Joint Graph Convolution and Sequential Modeling for Scalable Network Traffic Estimation

Nan Jiang; Wenxuan Zhu; Xu Han; Weiqiang Huang; Yumeng Sun

doi:10.20944/preprints202505.0770.v1

Submitted:

11 May 2025

Posted:

12 May 2025

You are already at the latest version

Abstract

This study focuses on the challenge of predicting network traffic within complex topological environments. It introduces a spatiotemporal modeling approach that integrates Graph Convolutional Networks (GCN) with Gated Recurrent Units (GRU). The GCN component captures spatial dependencies among network nodes, while the GRU component models the temporal evolution of traffic data. This combination allows for precise forecasting of future traffic patterns. The effectiveness of the proposed model is validated through comprehensive experiments on the real-world Abilene network traffic dataset. The model is benchmarked against several popular deep learning methods. Furthermore, a set of ablation experiments is conducted to examine the influence of various components on performance, including changes in the number of graph convolution layers, different temporal modeling strategies, and methods for constructing the adjacency matrix. Results indicate that the proposed approach achieves superior performance across multiple metrics, demonstrating robust stability and strong generalization capabilities in complex network traffic forecasting scenarios.

Keywords:

network traffic prediction

;

graph convolutional neural network

;

time series modeling

;

complex topology

Subject:

Computer Science and Mathematics - Artificial Intelligence and Machine Learning

I. Introduction

With the rapid development of the internet and the widespread adoption of emerging technologies such as 5G, IoT, and cloud computing, global network infrastructures are facing unprecedented complexity and heavy load challenges. Network traffic, as a critical indicator of network operation and user behavior, holds significant value in areas such as operation and maintenance, resource scheduling, and network security [1]. Especially in the context of surging services and increasingly complex network structures, accurate and efficient traffic prediction has become a key technology to ensure stable network operation and improve service quality. However, traditional traffic prediction methods are mostly based on time-series modeling. They struggle to capture topological correlations and spatial interactions among multiple nodes, leading to unsatisfactory performance in real-world scenarios. Therefore, it is imperative to develop prediction models that integrate network structure information to better characterize traffic patterns [2].

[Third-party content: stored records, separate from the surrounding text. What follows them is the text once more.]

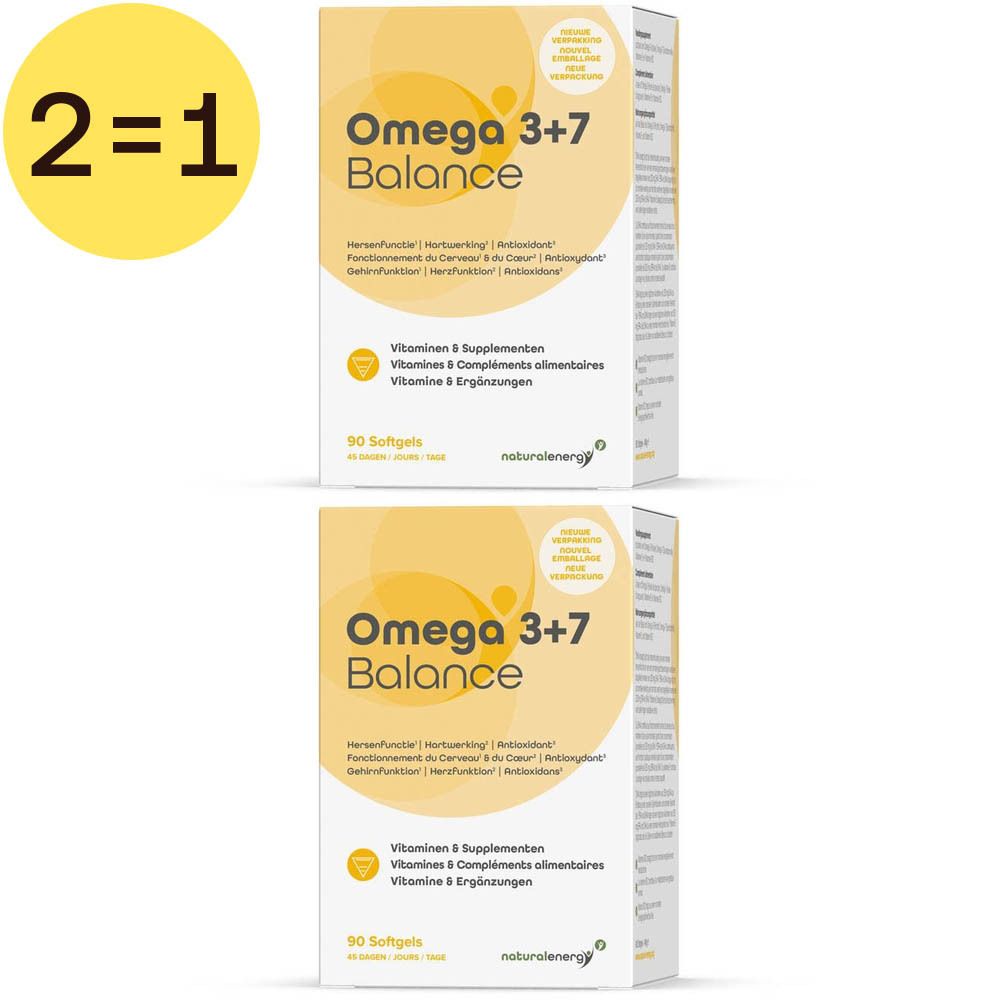 Zwei Packungen "Omega 3+7 Balance" mit je 90 Softgels. Angebot "2=1".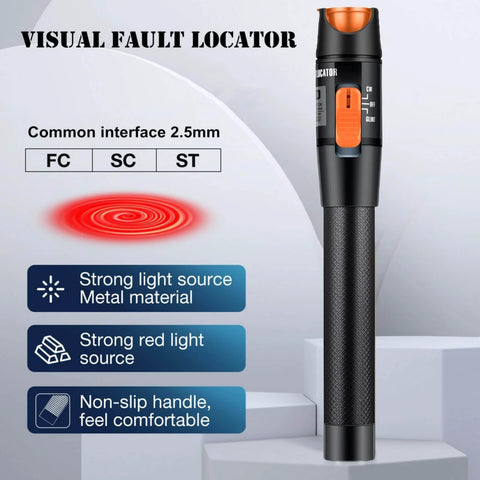 Pro Grade Visual Fault Locator For Fiber Optic Cables With 10 To 20 Kilometers Output Red Light VFL Pen Style Tester displayed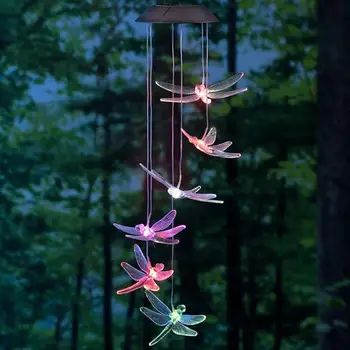 

Solar Mobile LED Light Color Changing Wind Chimes Dragonfly Pendant Aeolian Bell Yard Wind Chimes Lamp Accessories(Random Color)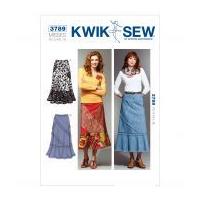 Kwik Sew Ladies Sewing Pattern 3789 Patchwork Skirts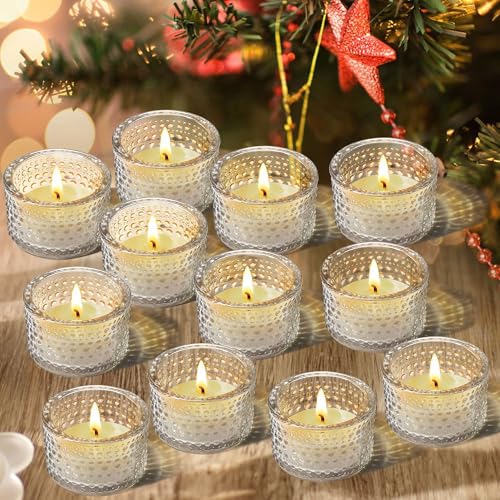 JOYIT Clear Votive Candle Holders Bulk Set of 12, Tealight Candle Holder for Wedding Table Centerpiece, Glass Small Candle Holders for Birthday Party, Valentine's Day, Home Decor (2''X 1.4'') - color: Embossed_clear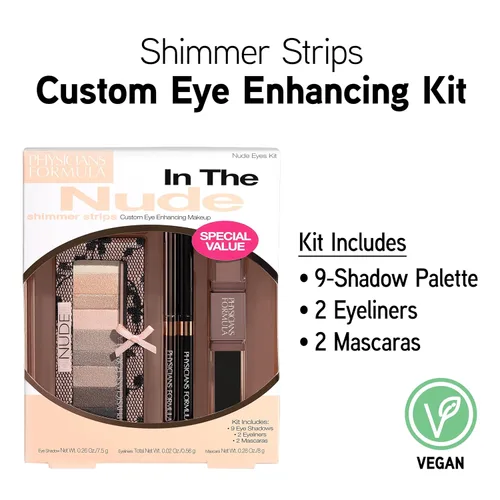 Miniatura 2 de Physicians Formula, Kit Shimmer Strips para resaltar la mirada, color piel, Sombra de ojos de 0.26 oz, delineador de ojos 0.02 oz y máscara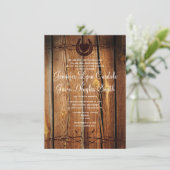 有素朴刺鉄線馬蹄結婚式招待状 招待状 (スタンド正面)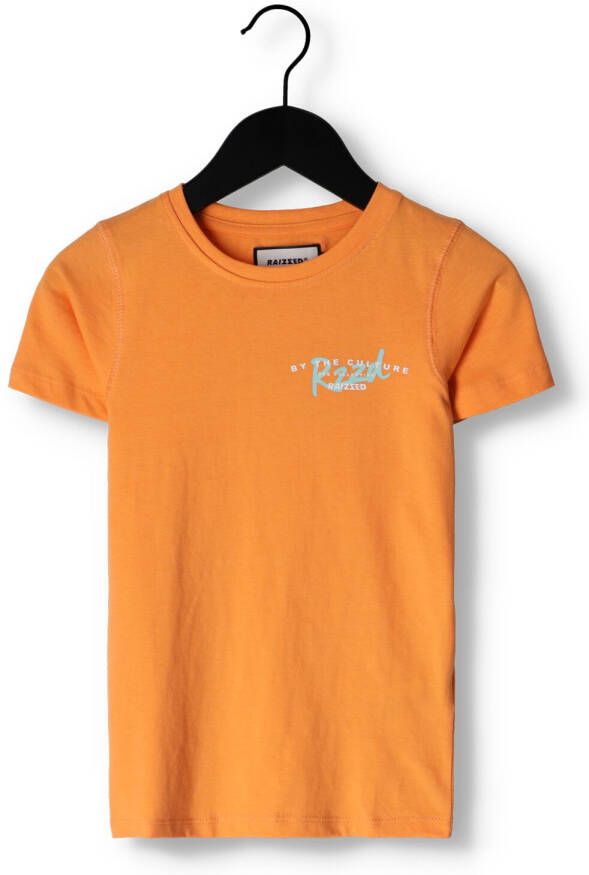 Raizzed T-shirt R123KBN30006 met logo mosterdgeel Jongens Katoen Ronde hals 164
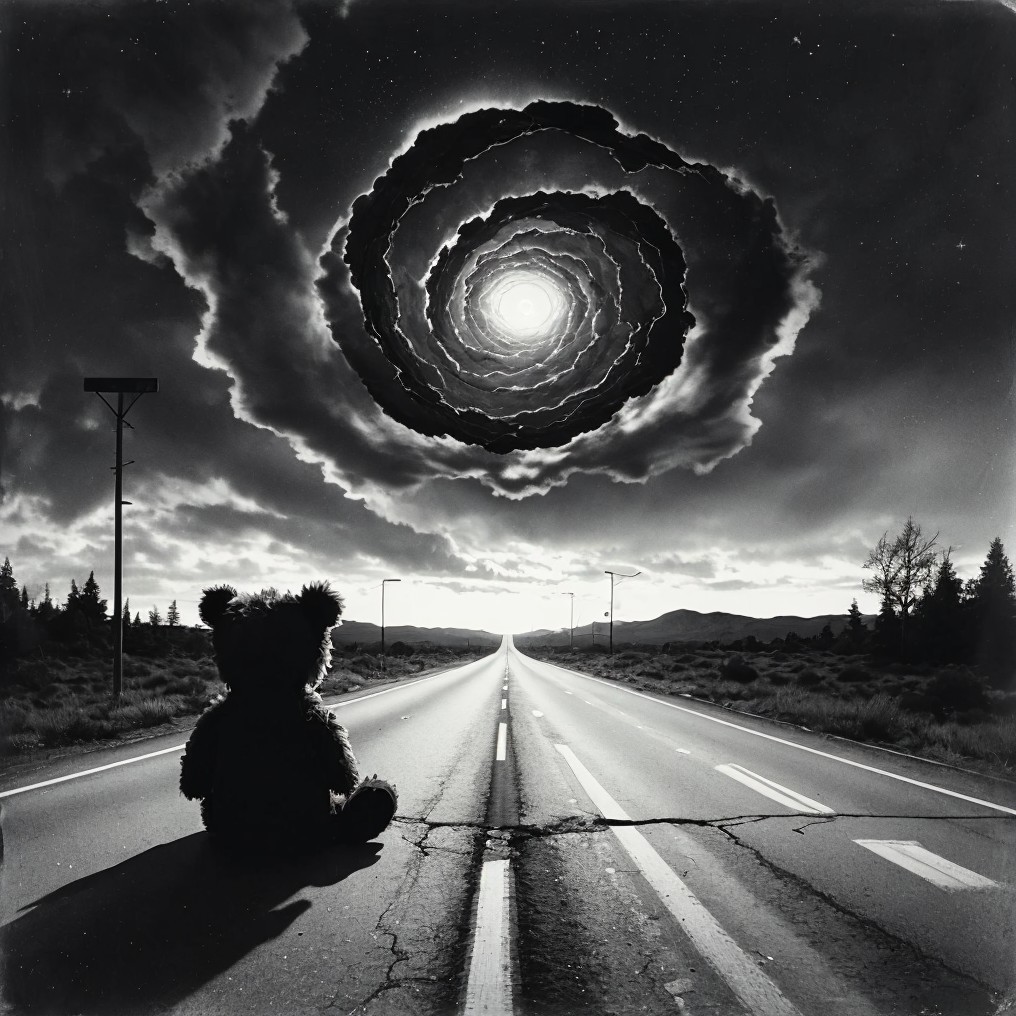 Teddy Bear on Deserted Road Under Swirling Clouds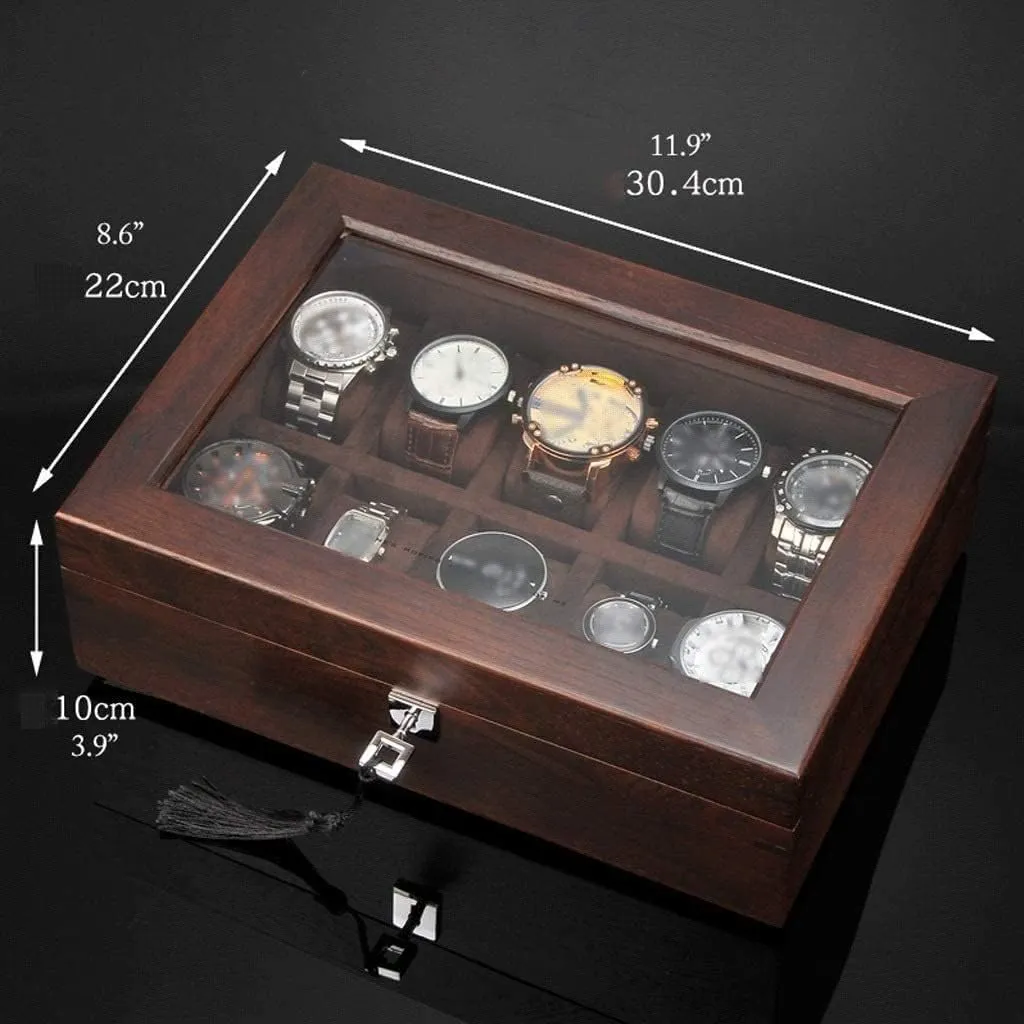 Watch Case Watch Roll Watch Winder Solid Wood Watch Box 10 Slot Wooden Jewelry Box With Key And Glass Top Jewelry Storage Organizer Display Box Watch Box Watch Organizer(Coffee-30.4*22*10cm)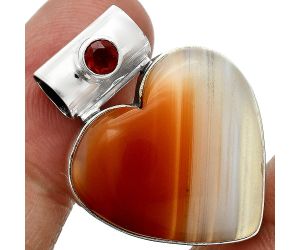 Lake Superior Agate and Garnet Pendant EXP02007 P-1300, 21x22 mm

In recent years, deep learning has achieved significant advancements in handling graph-structured data. Specifically, Graph Convolutional Networks (GCNs) have shown excellent performance in extracting features from non-Euclidean domains [3]. Unlike conventional neural networks, GCNs can capture spatial dependencies among nodes within a network graph, thereby improving the ability to perceive and model node state evolution [4]. In network traffic prediction, GCNs leverage network topology to effectively capture inter-node interactions, offering a new approach for accurate traffic forecasting in multi-source heterogeneous networks. However, most existing GCN models are designed for relatively regular or simplified network structures [5]. They are not well-adapted to the dynamic topology and strong heterogeneity of real-world networks, which limits their applicability in practical scenarios.

In real-world settings, network topologies often exhibit high complexity, multi-level structures, and dynamic evolution. For example, in edge computing and multi-access environments, device nodes are highly heterogeneous, with unstable connections and diverse communication paths. These characteristics impose higher demands on traffic prediction models. Traditional GCN-based modeling approaches often overlook the impact of topological asymmetry, temporary link relations, and non-static adjacency matrices [6]. As a result, they lack the ability to effectively capture both global and local features. Therefore, building GCN-based traffic prediction algorithms tailored to complex topologies is not only a breakthrough in the adaptability and expressiveness of current models but also a technical foundation for addressing the challenges of dynamic network environments [7].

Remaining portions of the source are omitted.